▸ **Data to examine**

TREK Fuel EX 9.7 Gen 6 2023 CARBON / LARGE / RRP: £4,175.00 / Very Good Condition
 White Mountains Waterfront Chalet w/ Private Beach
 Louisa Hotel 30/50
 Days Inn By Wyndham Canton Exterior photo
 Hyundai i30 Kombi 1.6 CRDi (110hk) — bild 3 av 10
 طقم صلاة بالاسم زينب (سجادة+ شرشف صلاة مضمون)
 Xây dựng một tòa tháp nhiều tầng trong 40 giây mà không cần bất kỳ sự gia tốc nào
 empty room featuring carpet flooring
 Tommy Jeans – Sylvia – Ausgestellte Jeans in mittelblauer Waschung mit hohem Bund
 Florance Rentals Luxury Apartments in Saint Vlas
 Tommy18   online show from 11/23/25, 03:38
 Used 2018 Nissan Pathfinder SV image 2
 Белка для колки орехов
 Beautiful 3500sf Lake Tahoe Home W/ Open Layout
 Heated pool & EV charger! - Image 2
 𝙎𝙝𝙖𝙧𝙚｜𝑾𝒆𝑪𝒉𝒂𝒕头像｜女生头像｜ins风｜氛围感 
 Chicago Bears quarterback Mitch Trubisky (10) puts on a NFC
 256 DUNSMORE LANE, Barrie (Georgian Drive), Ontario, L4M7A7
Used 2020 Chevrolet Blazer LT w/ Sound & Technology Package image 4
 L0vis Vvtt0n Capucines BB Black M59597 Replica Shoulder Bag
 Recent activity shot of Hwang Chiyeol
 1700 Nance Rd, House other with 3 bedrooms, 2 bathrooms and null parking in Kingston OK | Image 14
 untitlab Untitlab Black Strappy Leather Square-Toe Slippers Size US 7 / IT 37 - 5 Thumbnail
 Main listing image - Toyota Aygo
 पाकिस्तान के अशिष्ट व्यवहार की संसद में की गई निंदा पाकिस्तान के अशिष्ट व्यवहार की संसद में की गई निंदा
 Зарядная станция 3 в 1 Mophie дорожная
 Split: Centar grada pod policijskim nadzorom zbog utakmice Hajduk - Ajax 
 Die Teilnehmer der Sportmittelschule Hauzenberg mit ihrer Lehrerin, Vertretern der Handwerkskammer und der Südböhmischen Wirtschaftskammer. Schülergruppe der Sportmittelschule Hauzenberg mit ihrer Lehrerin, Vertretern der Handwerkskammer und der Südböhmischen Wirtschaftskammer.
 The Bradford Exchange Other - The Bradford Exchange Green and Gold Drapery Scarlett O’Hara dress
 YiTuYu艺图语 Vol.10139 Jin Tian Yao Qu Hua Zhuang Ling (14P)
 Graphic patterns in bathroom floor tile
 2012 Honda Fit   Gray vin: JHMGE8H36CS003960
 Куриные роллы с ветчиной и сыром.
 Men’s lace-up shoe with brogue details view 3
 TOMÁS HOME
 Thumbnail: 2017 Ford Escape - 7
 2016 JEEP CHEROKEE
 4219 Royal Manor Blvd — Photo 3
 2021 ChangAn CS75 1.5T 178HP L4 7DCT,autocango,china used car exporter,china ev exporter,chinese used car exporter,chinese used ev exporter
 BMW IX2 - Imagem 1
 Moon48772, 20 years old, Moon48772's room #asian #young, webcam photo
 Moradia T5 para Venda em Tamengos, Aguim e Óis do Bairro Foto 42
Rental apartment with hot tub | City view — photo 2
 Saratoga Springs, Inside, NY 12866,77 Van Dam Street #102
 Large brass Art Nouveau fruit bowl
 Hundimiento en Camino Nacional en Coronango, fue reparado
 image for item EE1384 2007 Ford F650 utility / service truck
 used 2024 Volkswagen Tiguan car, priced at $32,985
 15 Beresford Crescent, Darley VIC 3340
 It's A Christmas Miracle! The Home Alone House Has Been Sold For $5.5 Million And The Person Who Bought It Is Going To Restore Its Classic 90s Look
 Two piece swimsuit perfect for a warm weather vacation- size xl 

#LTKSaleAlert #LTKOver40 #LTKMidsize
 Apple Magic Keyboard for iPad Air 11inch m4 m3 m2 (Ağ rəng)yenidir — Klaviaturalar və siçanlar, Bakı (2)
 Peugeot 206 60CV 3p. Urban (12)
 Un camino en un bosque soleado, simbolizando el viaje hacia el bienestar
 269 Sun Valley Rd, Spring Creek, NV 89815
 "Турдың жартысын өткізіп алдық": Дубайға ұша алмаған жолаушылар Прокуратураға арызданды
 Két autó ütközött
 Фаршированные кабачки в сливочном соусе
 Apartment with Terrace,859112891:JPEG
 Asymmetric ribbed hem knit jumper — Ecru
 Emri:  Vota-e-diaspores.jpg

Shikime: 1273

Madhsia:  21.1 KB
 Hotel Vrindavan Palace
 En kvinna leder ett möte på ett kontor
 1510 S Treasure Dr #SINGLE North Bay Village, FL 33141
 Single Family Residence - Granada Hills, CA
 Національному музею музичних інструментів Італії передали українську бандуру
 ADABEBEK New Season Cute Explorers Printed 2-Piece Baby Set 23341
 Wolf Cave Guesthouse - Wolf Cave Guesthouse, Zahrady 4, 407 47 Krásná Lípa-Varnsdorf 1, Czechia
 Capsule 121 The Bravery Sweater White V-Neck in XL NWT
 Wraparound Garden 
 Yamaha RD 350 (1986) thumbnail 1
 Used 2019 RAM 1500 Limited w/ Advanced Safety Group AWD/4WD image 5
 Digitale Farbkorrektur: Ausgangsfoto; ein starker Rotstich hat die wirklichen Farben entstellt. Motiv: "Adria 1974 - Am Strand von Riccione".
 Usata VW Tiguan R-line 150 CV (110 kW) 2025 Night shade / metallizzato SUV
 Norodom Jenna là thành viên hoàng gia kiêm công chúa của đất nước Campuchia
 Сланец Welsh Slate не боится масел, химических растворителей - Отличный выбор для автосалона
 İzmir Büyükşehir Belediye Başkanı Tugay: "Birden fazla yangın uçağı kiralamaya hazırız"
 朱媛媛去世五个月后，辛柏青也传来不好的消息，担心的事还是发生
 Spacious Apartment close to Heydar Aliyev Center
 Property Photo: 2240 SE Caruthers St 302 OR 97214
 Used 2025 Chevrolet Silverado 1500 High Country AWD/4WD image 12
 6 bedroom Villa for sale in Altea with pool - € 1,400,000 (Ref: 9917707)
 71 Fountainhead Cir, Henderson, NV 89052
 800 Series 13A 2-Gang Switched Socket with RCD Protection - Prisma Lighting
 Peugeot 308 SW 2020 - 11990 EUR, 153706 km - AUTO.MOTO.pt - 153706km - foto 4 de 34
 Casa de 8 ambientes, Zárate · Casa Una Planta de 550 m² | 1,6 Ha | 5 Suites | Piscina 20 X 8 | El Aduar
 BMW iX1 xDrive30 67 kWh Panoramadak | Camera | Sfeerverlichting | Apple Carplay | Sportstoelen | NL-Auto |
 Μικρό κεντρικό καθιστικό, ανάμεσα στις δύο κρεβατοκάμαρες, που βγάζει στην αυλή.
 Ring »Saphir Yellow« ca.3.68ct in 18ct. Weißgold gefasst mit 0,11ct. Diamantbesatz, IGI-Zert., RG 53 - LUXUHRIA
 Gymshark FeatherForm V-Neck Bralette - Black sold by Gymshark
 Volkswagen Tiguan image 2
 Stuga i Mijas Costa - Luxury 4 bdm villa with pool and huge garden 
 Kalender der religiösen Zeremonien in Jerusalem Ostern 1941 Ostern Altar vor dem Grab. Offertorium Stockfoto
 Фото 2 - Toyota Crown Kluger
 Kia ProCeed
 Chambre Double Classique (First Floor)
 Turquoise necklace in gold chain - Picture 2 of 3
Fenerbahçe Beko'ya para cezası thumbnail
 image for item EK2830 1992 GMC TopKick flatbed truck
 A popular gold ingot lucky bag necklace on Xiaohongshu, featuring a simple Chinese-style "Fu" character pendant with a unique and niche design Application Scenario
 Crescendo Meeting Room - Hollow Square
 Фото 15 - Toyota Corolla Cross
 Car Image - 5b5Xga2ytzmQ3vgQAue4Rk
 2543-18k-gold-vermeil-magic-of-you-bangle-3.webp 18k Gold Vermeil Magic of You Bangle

▸ **Aim of the exercise**
Of all the entries above, repeat only the lines from the line that has "Days Inn By Wyndham Canton Exterior photo" to the line that has "Chicago Bears quarterback", both lines included, exactly.

▸ **Exercise output**
 Days Inn By Wyndham Canton Exterior photo
 Hyundai i30 Kombi 1.6 CRDi (110hk) — bild 3 av 10
 طقم صلاة بالاسم زينب (سجادة+ شرشف صلاة مضمون)
 Xây dựng một tòa tháp nhiều tầng trong 40 giây mà không cần bất kỳ sự gia tốc nào
 empty room featuring carpet flooring
 Tommy Jeans – Sylvia – Ausgestellte Jeans in mittelblauer Waschung mit hohem Bund
 Florance Rentals Luxury Apartments in Saint Vlas
 Tommy18   online show from 11/23/25, 03:38
 Used 2018 Nissan Pathfinder SV image 2
 Белка для колки орехов
 Beautiful 3500sf Lake Tahoe Home W/ Open Layout
 Heated pool & EV charger! - Image 2
 𝙎𝙝𝙖𝙧𝙚｜𝑾𝒆𝑪𝒉𝒂𝒕头像｜女生头像｜ins风｜氛围感 
 Chicago Bears quarterback Mitch Trubisky (10) puts on a NFC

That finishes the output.